Também Rui Cardoso refere que «dois terços das 25 horas semanais de aulas são dedicados apenas aos alunos com dificuldades». Mas, continua Helena Mendes, «se não dedicar esse tempo aos alunos com mais dificuldades a aula deixa de fazer sentido» até porque «em Matemática a matéria é dada em escada».
As diferentes estratégias
Na gestão de tempo há professores que acabam por chegar a uma encruzilhada: ou continuam a apoiar os alunos ou avançam na matéria para cumprir os programas, que dizem ser «exten-
sos» e não prejudicar os melhores.
«Há alturas em que sei que dois ou três alunos não têm a matéria consolidada, mas tenho de prosseguir porque comprometo o resto da turma», confessa Helena Mendes.
Já Rui Cardoso garante que não deixa «ninguém para trás» de forma a que os alunos «consigam ter o mínimo de conhecimentos para aguentar o 5º ano». O resto da turma é «treinada a trabalhar e a estar sozinha» na sala de aula.
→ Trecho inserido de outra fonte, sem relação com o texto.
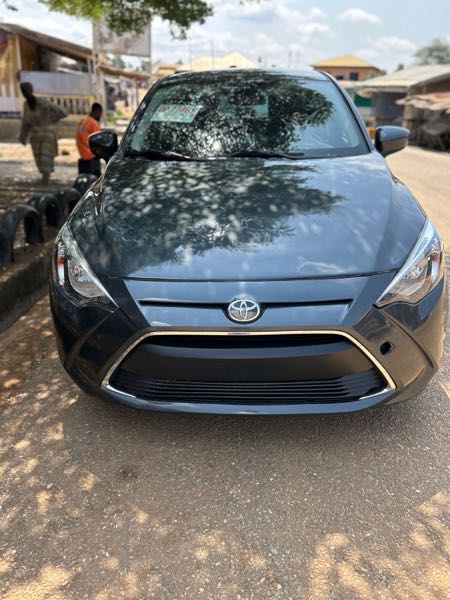 Toyota Yaris iA 1.5 FWD 2017 Other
Mas há escolas e professores que seguem estratégias diferentes para recuperar alunos. No Agrupamento de Carcavelos os alunos são agrupados dentro da sala de aula. Os professores «organizam os alunos por ilhas e vão propondo exercícios diferentes a cada grupo», explica ao SOL o diretor do agrupamento, Adelino Calado. Em cada uma das ilhas podem estar alunos do mesmo nível de aprendizagens, ou não. «Depende de cada turma e de cada disciplina. Não há uma receita», explica Adelino Calado.
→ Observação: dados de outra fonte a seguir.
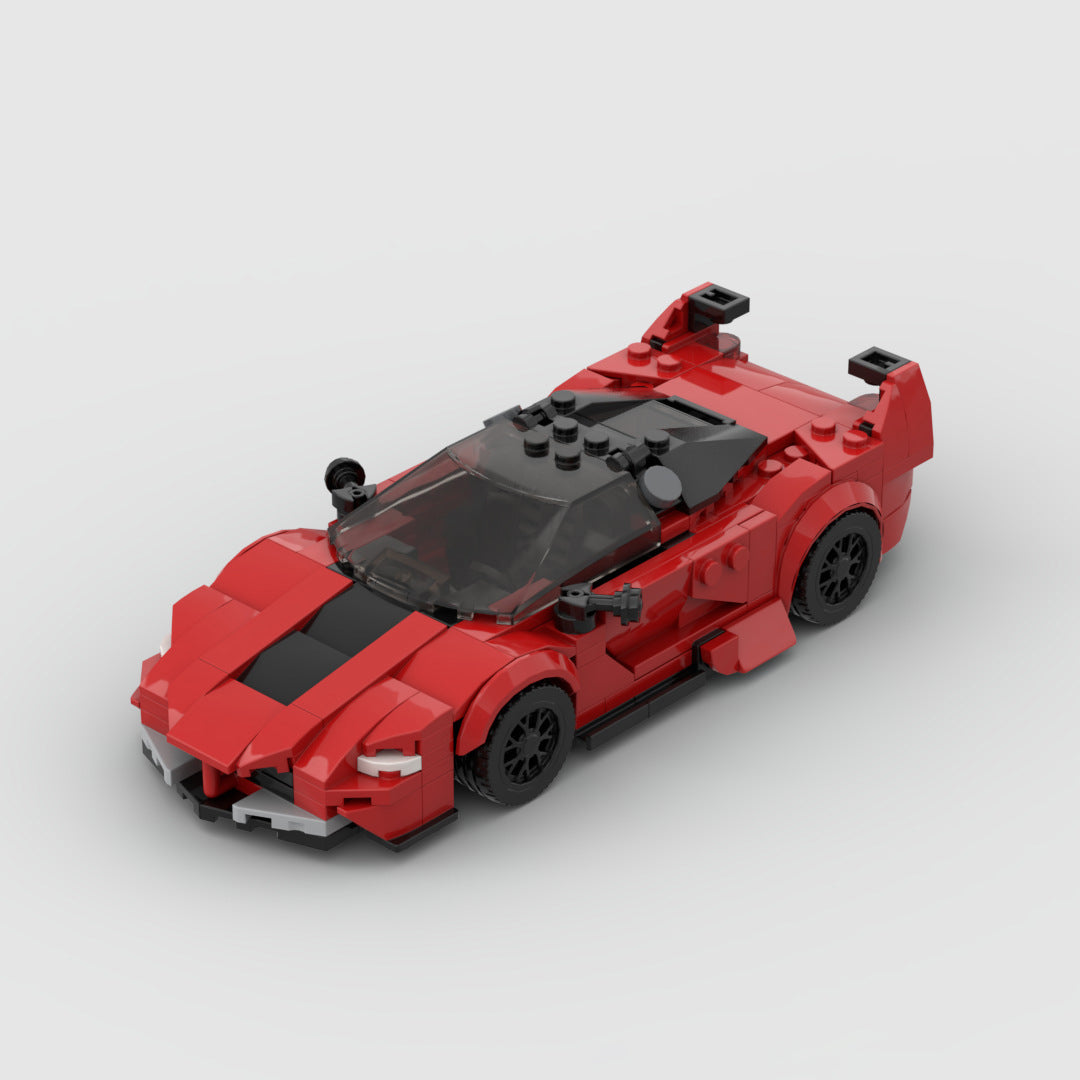 Ferrari FXX K V2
E esta estratégia, sublinha Adelino Calado –, apesar de dar «mais trabalho porque um professor tem de preparar dez aulas em simultâneo» – permite que «não haja repetentes há dez anos». Aqui, cumprir o programa das disciplinas torna-se secundário. «Cumprimos se os alunos conseguirem», diz o diretor.
‘Chumbos’ não afetam relações entre alunos
As diferenças nas aprendizagens e os ‘chumbos’ não afetam as relações entre os alunos da mesma turma. Pelo contrário, os professores ouvidos pelo SOL, salientam o «espírito de solidariedade e ajuda» entre os alunos. «Os alunos com melhores notas ajudam os outros com mais dificuldade», explica Rui Cardoso.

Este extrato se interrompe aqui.